HomeMoviesReview: Shoplifters is a Brilliant Tale of Family, Morality & Crime

Review: Shoplifters is a Brilliant Tale of Family, Morality & Crime

Shoplifters
Photo Courtesy of Magnolia Pictures.

When it starts, Japanese director Hirokazu Koreeda’s new film Shoplifters seems innocuous. We see a young boy, Shota (Jyo Kairi), and the man we assume is his father, Osamu (Lily Franky). They walk around a store exchanging silent looks or tapping each other gently in what seems like meaningless signs of familiarity, but we soon realize they’re the rituals the pair uses to pull off their elaborate shoplifting.

It’s a jarring revelation, but even more jarring is the next scene, when they find and take home Yuri (Miyu Susaki) a young girl left out on a balcony in the cold by her abusive parents. From there, with Nobuyo (Sakura Ando) as the makeshift family’s mother, Hatsue Shibata (Kirin Kiki) as the grandmother and Aki (Mayu Matsuoka) as the aunt/big sister, Koreeda delivers a film that questions the meaning of family and what it means to be a good person.

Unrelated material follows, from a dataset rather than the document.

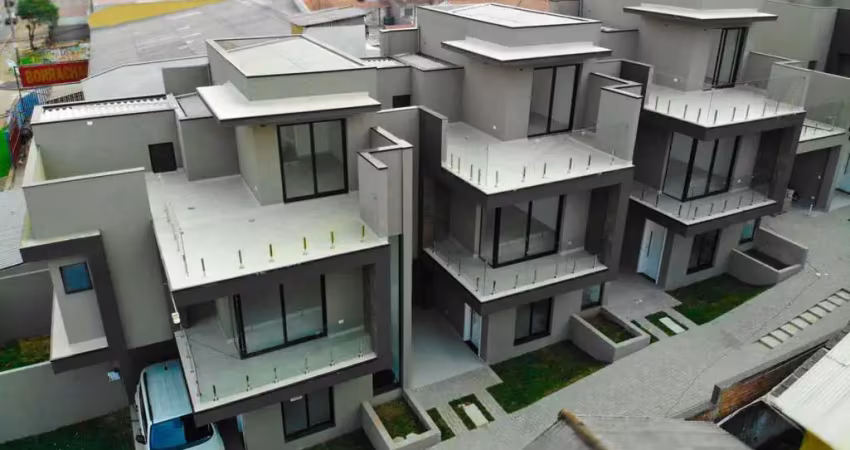 Sobrado com 3 quartos  à venda, 118.00 m2 por r$699000.00  - boqueirao - curitiba/pr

While the stealing and kidnapping are the film’s first indications that these characters aren’t exactly good, it’s also apparent in every behavior and piece of the mise en scène: they and the space they inhabit are grubby and sloppy. Part of that is a result of five people living in a house meant for one old woman, but it’s also an expression of their strange dynamic. The confined space ensures each “family” member constantly encroaches on another’s space. They’re always pressed up against each other and one can just imagine the constant smell of mold and unwashed bodies hanging in the air.

However, that physical closeness isn’t just about bodily fluids, but bodily functions too. Someone is always eating when they’re together and it’s a sign not just of their slovenliness, but their closeness. In the film’s one love scene, the characters slurp noodles as foreplay and then barely take the time to chew or swallow before they kiss. It’s at once gross and intimate and much of the family dynamic follows suit.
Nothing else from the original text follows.